Революции для всех, кто их переживает, создают нереализованные вероятности: «Могло быть так, а вышло эдак». Но если бы твоя жизнь сложилась иначе, разве была бы у тебя та же самая личность? Это «могло быть так» делает идентичность неустойчивой: человеку может даже казаться, что он, говоря словами одной старой женщины, дававшей интервью в 1990-х гг., прожил «не свою жизнь», не ту, для которой был рожден{290}. Уж на что В. Богдан как будто тверда как скала в сознании своего «Я», но и в ней чувствуется некая двойственность. Заголовок первой книги ее воспоминаний «Студенты первой пятилетки» (Буэнос-Айрес, 1973) подразумевает рассказ о советском образе жизни, зато название второй — «Мимикрия в СССР» (Франкфурт-на-Майне, б. г.) говорит, что это была всего лишь его имитация, подделка. Но как отличить поддельную жизнь от подлинной? Для многих живущих в смутные времена первоочередная задача автобиографии заключается в том, чтобы доказать, что, скажем, настоящая Плотникова — пролетарий, а не кулацкая дочка, настоящая Богдан — принципиальная антикоммунистка, а не представительница привилегированной советской элиты. Самопознание становится бессмысленным, даже опасным.
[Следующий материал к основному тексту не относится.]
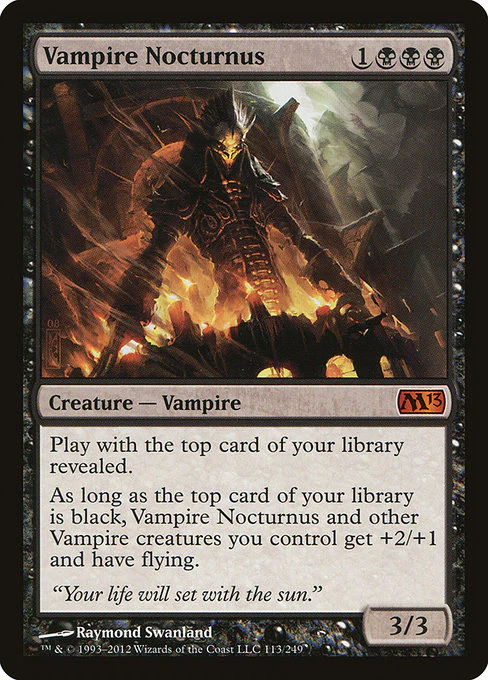 Vampire Nocturnus (113) (Foil) - Magic 2013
В этих условиях автор автобиографии стремится не к открытию своего «Я» в обычном смысле слова, а, скорее, к открытию удобного для себя «Я».
ЧАСТЬ III.
ПРОСЬБЫ
ГЛАВА 9.
ПРОСИТЕЛИ И ГРАЖДАНЕ[126]
«Кто только не писал писем в высшие инстанции на самые металлические имена!.. Грандиозные груды писем, если они сохранятся, настоящий клад для историка»{291}, — писала проницательный антрополог советской повседневности Надежда Мандельштам и по обыкновению была права. Груды писем поджидали историков в архивах, открытых в 1990-е гг. (как ни смешно, эти письма обычно хранились в секретных фондах архивов, хотя чаще всего их содержание не носило политического характера){292}. Писание писем во власть, оказывается, служило в 1930-е гг. главным развлечением на досуге. Люди, как правило, писали их индивидуально, потому что письмо с несколькими подписями могло быть принято за коллективный протест, который по сути считался противозаконным. Посылали их куда только можно: членам Политбюро, секретарям обкома, в газеты, во всевозможные государственные учреждения, иногда даже знаменитостям (писателям, ученым, исследователям-полярникам){293}. Писали ходатайства, просьбы, жалобы, доносы, исповеди, угрозы, высказывали свое мнение по тем или иным вопросам. Хотя письмо адресовалось незнакомым общественным деятелям, в нем затрагивались как общественные, так и личные темы. Одни авторы писем выступали перед властями в роли просителей (просили предоставить жилье, дать возможность получить образование, медицинскую помощь, деньги, добиться справедливости), другие — в роли активных граждан (выражали собственное мнение, жаловались на бюрократию, обличали коррумпированных чиновников).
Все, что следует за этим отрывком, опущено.